Showing posts with label Bob Wilkins. Show all posts
Showing posts with label Bob Wilkins. Show all posts

Tuesday, October 28, 2014

Boo to You

In the immortal words of the legendary Count Floyd:

"Here's something really scary, kids! It'll put goosebumps on your goosebumps!"

Well, I dunno. As far as horror movies go these days, fewer and fewer things actually frighten me anymore. Am I just jaded or is nothing really scarier than real life? What passes for horror makes me wince, sometimes jump in surprise or turn away in disgust due to unnecessary excess. But nothing has gotten has given me the night terrors in years, probably since watching THE BLAIR WITCH PROJECT in an empty theater on a late murky afternoon in down Portland.

Back in the day, that day being a LONG ASS TIME AGO, I was all about the horror.
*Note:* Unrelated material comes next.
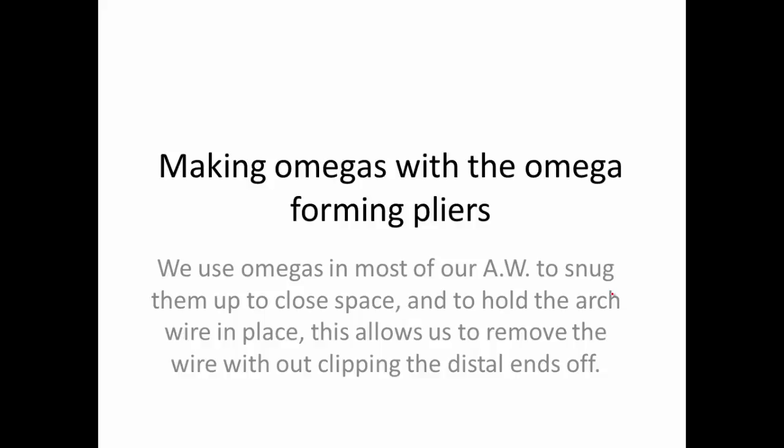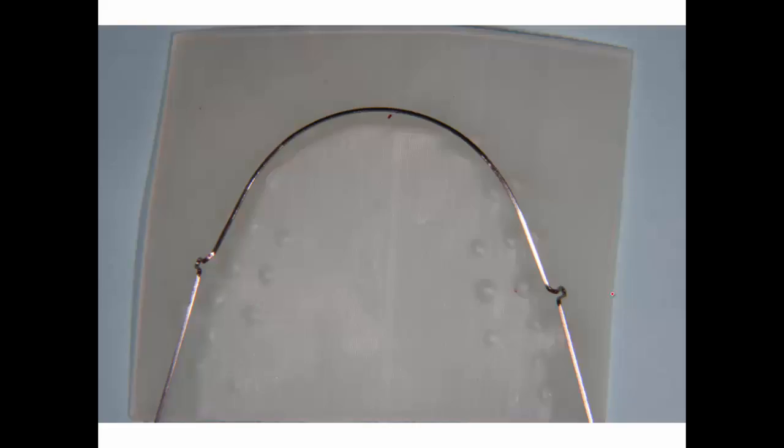I want to show you how to make omegas that we use on archwires, and I use them most of the time in doing our orthodontic work. I'm going to start out with an archwire. This is one that's already built, so we make a wax pattern and mark where we want these omegas to be formed. I'm going to show you how we make these.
They became my obsession, catching them wherever and whenever I could. I actually kept a tally of what I had seen, certainly sailing into four digits easily by the time I was twelve.Whether at the cinema or sitting in front of my TV at any hour of the day or night, if a fright flick was playing, I was there, front and center. When The Bob Wilkins Show debuted back in the late 60s, I found a kindred spirit and knew I wasn't alone in the world like Vincent Price in THE LAST MAN ON EARTH.

One of my first exposures to the scary movie genre took place at a slumber party my older sister threw at our house one Saturday night. I couldn't have been more than eight or nine. I had been allowed to stay up awhile at this soiree and tried not to get in the way of all these icky girls. It was all very chaste since everyone was prepubescent, they being two years older than moi. Another year down the road and I would have been shown the curb. Two years and I would have tried to find a hiding place with night vision goggles. But at this point in time, I was still on safe ground for probably the last time in my young life.

Naturally, the TV had been on, turned to a late night showing of HORRORS OF THE BLACK MUSEUM, a British effort starring Michael Gough. It opened rather benignly with two lovely crumpets named Winnie and Millie or something relaxing in their London flat sipping tea, smoking cigarettes and eating baked beans on toast while discussing the practical applications of Prince Charles' jug ears. A knock on the door reveals a delivery man with a package for plucky and pert little Winifred.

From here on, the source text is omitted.